In seiner Zeitreise zurück peilte Ulf Lückel, aus Girkhausen stammender Theologe und Kirchenhistoriker, zwei unterschiedliche Momente als Ausgangspunkte an: zunächst das zu Ende gehende 17. Jahrhundert, danach die Mitte 19. Jahrhunderts.

„Deutschland um 1690: Es ist die Hochzeit des Pietismus, einer religiösen Reformbewegung, der Gläubige aller drei Konfessionen angehörten: also Lutheraner, Reformierte und auch Katholiken.“ Ein Satz, eine klare Einordnung vom Referenten. Ulf Lückel zeichnete in wenigen Worten ein anschauliches Bild von der Situation damals: von den Menschen wie von der Welt. Und Europa machte es den Pietisten schwer. Für viele bot die Auswanderung nach Amerika den einzigen Ausweg: „Wer kein Geld für solch eine Überfahrt hatte, der musste entweder dem neuen liebgewordenen Glauben und seiner religiösen Gesinnung wieder abschwören oder woanders Asyl finden: religiöses Asyl. Und das war nicht einfach, denn nur wenige Territorien boten den Verfolgten und Flüchtlingen diese Möglichkeit. Dazu zählten einige kleine Grafschaften in der Wetterau oder eben unsere beiden Grafschaften. In Wittgenstein übten die Regenten für etwa ein halbes Jahrhundert eine höchst tolerante Politik aus, die wir uns heute nur als Beispiel nehmen können!“ Mühelos schlug der Referent seine Brücken in die Gegenwart - und erweckte außerdem die Berleburger Gräfin Hedwig Sophie, Alexander Mack, Eva von Buttlar, Graf Nikolaus Ludwig von Zinzendorf und Johann Konrad Dippel zum Leben, wusste, weshalb Homrighausen, das Obere Hüttental und Saßmannshausen für eigenständig denkende, bibelfromme Christen damals so attraktive Wohnorte waren, und natürlich sprach er auch über die Berleburger Bibel, „das Lieblingsprojekt des Grafen Casimir“.

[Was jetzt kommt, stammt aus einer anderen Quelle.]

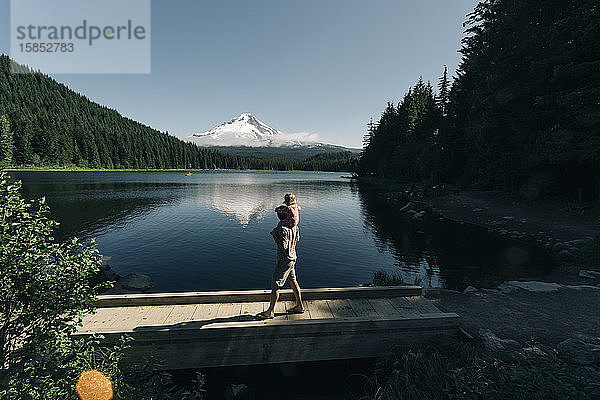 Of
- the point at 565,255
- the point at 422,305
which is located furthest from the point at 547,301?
the point at 565,255

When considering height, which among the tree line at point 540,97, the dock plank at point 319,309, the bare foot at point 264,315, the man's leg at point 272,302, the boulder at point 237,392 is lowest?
the boulder at point 237,392

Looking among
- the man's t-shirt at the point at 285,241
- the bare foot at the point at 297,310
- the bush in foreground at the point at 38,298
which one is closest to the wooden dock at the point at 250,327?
the bare foot at the point at 297,310

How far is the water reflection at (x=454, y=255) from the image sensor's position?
14.6 metres

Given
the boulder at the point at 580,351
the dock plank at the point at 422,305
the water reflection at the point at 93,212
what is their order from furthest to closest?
the water reflection at the point at 93,212 < the dock plank at the point at 422,305 < the boulder at the point at 580,351

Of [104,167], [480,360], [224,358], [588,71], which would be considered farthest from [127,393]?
[104,167]

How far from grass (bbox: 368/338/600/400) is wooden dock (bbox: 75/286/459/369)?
1.61 feet

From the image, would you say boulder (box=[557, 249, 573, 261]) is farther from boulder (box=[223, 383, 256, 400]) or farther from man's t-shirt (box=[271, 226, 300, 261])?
boulder (box=[223, 383, 256, 400])

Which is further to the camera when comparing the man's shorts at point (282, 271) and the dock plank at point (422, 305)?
the dock plank at point (422, 305)

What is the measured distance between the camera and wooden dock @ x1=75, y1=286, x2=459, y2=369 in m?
6.66

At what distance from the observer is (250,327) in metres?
6.79

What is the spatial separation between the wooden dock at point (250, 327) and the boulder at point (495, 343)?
2.15ft

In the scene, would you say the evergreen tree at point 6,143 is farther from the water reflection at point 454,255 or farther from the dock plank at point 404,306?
the dock plank at point 404,306

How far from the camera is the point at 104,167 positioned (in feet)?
431

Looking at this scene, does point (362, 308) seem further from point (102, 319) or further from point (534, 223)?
point (534, 223) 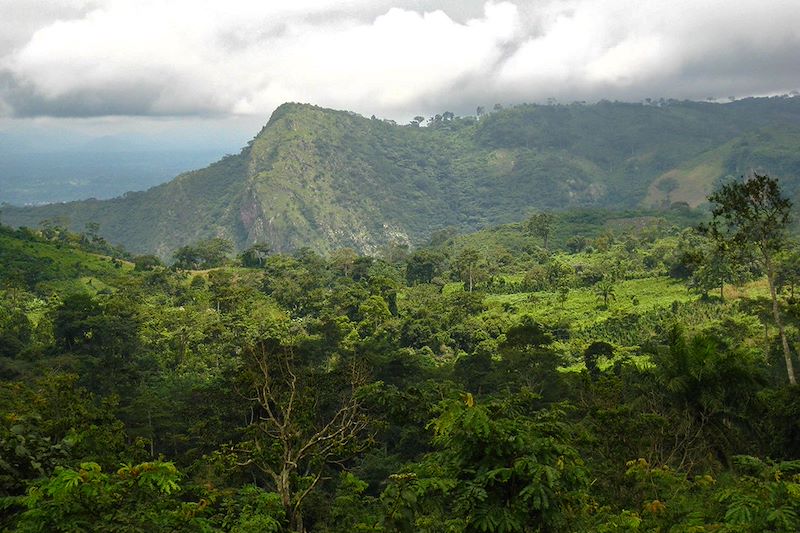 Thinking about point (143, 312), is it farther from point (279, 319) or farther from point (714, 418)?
point (714, 418)

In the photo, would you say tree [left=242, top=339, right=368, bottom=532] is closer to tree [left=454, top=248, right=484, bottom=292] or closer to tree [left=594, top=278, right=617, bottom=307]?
tree [left=594, top=278, right=617, bottom=307]

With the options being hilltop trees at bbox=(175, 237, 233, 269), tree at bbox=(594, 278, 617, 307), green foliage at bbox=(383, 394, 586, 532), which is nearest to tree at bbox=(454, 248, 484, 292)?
tree at bbox=(594, 278, 617, 307)

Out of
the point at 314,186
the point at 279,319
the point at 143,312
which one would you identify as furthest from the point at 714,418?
the point at 314,186

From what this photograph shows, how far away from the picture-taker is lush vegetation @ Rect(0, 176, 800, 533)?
7660 mm

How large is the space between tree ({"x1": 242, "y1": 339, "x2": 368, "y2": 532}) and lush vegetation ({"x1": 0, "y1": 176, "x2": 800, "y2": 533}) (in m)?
0.13

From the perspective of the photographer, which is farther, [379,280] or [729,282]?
[379,280]

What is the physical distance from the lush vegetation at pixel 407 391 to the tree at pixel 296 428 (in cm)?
13

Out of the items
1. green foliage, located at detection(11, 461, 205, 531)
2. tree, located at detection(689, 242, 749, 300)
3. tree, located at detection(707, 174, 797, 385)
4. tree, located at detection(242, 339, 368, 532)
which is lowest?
tree, located at detection(689, 242, 749, 300)

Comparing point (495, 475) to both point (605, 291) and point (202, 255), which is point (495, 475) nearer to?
point (605, 291)

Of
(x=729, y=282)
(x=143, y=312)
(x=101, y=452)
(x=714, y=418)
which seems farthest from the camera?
(x=729, y=282)

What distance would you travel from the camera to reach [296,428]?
55.1 ft

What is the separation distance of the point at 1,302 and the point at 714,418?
51844 millimetres

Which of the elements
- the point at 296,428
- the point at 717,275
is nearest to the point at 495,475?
the point at 296,428

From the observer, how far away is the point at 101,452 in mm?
15555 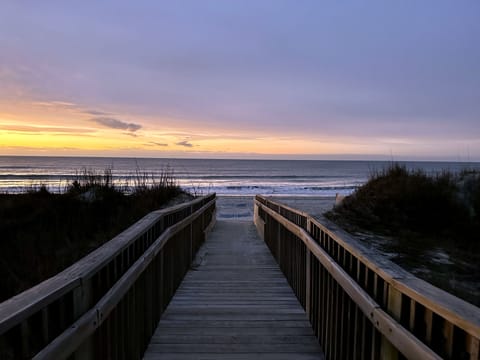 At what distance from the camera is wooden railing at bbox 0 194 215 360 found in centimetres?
132

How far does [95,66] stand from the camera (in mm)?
11977

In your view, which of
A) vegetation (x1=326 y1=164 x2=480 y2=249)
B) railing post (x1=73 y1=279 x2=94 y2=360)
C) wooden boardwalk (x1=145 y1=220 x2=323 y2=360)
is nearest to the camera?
railing post (x1=73 y1=279 x2=94 y2=360)

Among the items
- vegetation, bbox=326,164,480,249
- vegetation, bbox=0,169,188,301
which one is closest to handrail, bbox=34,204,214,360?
vegetation, bbox=0,169,188,301

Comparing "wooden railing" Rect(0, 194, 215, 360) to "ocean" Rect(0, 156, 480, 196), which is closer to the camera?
"wooden railing" Rect(0, 194, 215, 360)

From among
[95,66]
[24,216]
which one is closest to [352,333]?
[24,216]

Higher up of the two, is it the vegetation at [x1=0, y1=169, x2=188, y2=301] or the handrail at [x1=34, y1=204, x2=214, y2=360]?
the handrail at [x1=34, y1=204, x2=214, y2=360]

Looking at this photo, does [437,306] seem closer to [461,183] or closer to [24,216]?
[461,183]

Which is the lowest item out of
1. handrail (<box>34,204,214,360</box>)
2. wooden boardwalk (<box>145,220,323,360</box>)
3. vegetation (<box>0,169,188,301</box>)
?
wooden boardwalk (<box>145,220,323,360</box>)

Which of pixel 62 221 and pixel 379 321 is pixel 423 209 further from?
pixel 62 221

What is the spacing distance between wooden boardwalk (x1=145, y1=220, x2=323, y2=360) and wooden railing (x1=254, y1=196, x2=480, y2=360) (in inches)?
8.5

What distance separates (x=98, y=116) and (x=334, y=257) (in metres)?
32.8

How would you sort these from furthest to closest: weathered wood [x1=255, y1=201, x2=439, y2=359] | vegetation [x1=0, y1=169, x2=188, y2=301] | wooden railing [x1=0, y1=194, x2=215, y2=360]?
vegetation [x1=0, y1=169, x2=188, y2=301] < weathered wood [x1=255, y1=201, x2=439, y2=359] < wooden railing [x1=0, y1=194, x2=215, y2=360]

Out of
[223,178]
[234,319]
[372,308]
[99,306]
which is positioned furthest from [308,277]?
[223,178]

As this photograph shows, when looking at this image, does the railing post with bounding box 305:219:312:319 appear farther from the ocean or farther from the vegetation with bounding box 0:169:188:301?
the ocean
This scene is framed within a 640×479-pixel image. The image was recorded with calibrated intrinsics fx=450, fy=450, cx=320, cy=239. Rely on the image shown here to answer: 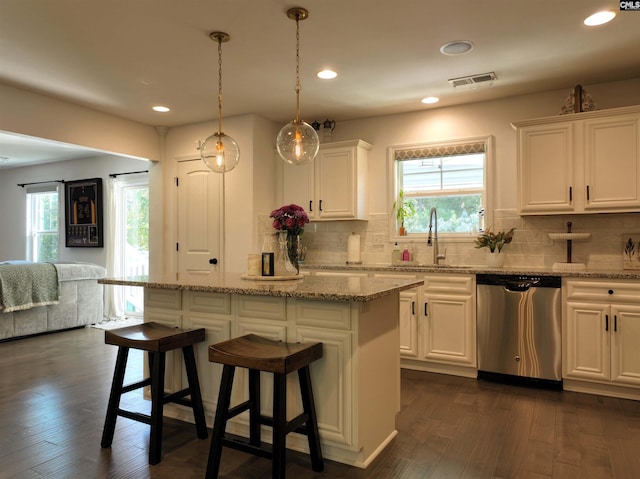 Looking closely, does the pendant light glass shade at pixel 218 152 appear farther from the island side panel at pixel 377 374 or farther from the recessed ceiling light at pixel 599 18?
the recessed ceiling light at pixel 599 18

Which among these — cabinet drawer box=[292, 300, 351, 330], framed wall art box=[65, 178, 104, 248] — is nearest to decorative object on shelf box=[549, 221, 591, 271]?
cabinet drawer box=[292, 300, 351, 330]

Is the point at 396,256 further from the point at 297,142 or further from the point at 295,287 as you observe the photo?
the point at 295,287

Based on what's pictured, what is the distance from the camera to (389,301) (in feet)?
8.68

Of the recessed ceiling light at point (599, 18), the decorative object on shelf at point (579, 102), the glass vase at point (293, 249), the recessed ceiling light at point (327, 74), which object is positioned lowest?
the glass vase at point (293, 249)

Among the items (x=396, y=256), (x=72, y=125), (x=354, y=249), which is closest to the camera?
(x=72, y=125)

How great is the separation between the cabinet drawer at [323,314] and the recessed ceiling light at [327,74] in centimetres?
212

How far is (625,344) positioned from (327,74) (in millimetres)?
3084

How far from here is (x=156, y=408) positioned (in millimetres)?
2393

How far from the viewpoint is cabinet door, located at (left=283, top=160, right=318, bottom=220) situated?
16.3ft

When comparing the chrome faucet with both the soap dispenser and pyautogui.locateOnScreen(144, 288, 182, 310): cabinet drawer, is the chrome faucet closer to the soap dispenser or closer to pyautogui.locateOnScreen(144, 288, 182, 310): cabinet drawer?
the soap dispenser

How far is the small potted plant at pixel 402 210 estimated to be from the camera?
4.75 meters

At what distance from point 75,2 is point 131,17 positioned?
1.00 feet

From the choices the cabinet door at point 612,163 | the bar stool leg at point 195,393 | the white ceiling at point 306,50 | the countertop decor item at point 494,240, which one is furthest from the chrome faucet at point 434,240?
the bar stool leg at point 195,393

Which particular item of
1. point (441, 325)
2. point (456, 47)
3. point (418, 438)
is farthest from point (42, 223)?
point (418, 438) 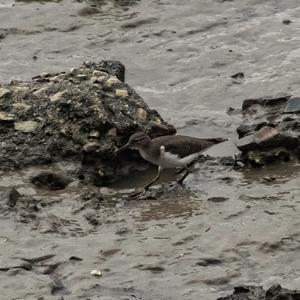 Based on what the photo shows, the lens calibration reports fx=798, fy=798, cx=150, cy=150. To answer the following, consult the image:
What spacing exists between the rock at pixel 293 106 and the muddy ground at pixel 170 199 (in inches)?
32.9

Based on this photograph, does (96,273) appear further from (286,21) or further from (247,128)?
(286,21)

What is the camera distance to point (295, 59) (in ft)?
45.6

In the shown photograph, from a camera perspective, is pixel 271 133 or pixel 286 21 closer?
pixel 271 133

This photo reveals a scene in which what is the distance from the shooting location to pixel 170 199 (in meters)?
9.58

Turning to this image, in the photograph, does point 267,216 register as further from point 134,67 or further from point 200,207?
point 134,67

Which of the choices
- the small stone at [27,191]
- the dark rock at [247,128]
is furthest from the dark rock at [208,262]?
the dark rock at [247,128]

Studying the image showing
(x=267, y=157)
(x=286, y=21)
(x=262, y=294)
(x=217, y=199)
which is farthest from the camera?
(x=286, y=21)

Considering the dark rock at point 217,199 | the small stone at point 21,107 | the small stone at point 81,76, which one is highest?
the small stone at point 81,76

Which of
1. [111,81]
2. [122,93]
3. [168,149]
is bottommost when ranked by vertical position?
[168,149]

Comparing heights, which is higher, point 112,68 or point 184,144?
point 112,68

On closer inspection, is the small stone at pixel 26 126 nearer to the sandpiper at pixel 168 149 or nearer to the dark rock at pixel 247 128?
the sandpiper at pixel 168 149

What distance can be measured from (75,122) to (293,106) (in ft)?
10.2

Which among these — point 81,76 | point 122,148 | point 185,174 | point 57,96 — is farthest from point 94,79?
point 185,174

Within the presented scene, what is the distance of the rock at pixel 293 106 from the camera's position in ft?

„Mit dem Jahr 1850 haben wir eine Schwelle überschritten. Ich meine das Revolutionsjahr 1848, das für Preußen mit der Verfassung sowohl die Religions- als auch die Versammlungsfreiheit auf Dauer brachte“, so startete Ulf Lückel in den zweiten Teil, in dem er die große Krise der Siegerländer Erweckung zu diesem Zeitpunkt und die Entstehung der ersten außerkirchlichen Versammlungen genauer anschaute. Es ging um die Gründungen der Evangelischen Gesellschaft für Deutschland 1848, des Evangelischen Brüdervereins 1850 und des Vereins für Reisepredigt in 1853/54, genau auf den Punkt resümierte Ulf Lückel: „Dieser damalige innerkirchliche ‚Verein für Reisepredigt‘ existiert bis heute. Er nennt sich ‚Siegerländer Gemeinschaftsverband‘. Heute gehören etwa 90 Gemeinschaften aus Siegen-Wittgenstein, dem Lahn-Dill-Kreis, den Kreisen Waldeck-Frankenberg, dem Hochsauerlandkreis und dem Kreis Altenkirchen dazu. Zahlenmäßig dürfte dieses die größte religiöse Gruppierung inzwischen innerhalb und außerhalb der Kirche sein. Zumal in einer ganzen Reihe von Ortschaften der CVJM sich als die Jugendarbeit dieser Gemeinschaften versteht. Die Gemeinschaftsleute versammeln sich in den sogenannten ‚Vereinshäusern‘. Wer ins ‚Vereinshaus‘ geht, gehörte also ursprünglich zur Kirche und zur landeskirchlichen Gemeinschaft. Das Band zur Kirche hat sich inzwischen erheblich gelockert.“ Das war früher anders: „Gerade das Auftreten gegen Alkoholmissbrauch kam dem Umstand in Wittgenstein sehr zugute, denn der war im erheblichen Maß vorhanden. Der damalige Girkhäuser Pastor Niemann schreibt an den Siegerländer Gemeinschaftsverband, dass er im Pfingstgottesdienst 1911 kaum nüchterne Männer im Gottesdienst gehabt habe, und dankt ausdrücklich dafür, dass zur Erntezeit eine Evangelisation und ein Bekenntnis gegen den Alkohol von 18 Männern abgelegt worden sei, die nun unter der Woche ins Vereinshaus kämen. Ein klares Indiz dafür, dass es neben dem Bekenntnis zu Jesus Christus auch und gerade um den strengen sittlichen Lebenswandel ging.“

„Wenn wir konstatieren können, dass die pietistische Bewegung von Wittgenstein in das Siegerland getragen wurde, so ist es bei der Erweckungsbewegung genau diametral entgegengesetzt“ - aus der Kenntnis vieler Quellen heraus zeichnete der Referent auch in diesem Vortrag wieder ein lebendiges Bild von einem spannenden Thema und brachte es so nicht nur Fachleuten, sondern auch Laien näher. Das ist prima, denn Ulf Lückel ist sich sicher: „Geschichte macht die Gegenwart verständlich, die heute Glaubenden sind oft sehr überrascht, wenn sie ihre eigenen Wurzeln kennenlernen.“ Eine gute Erkenntnis für einen Vortrag zum 200-jährigen Bestehen des Wittgensteiner Kirchenkreises.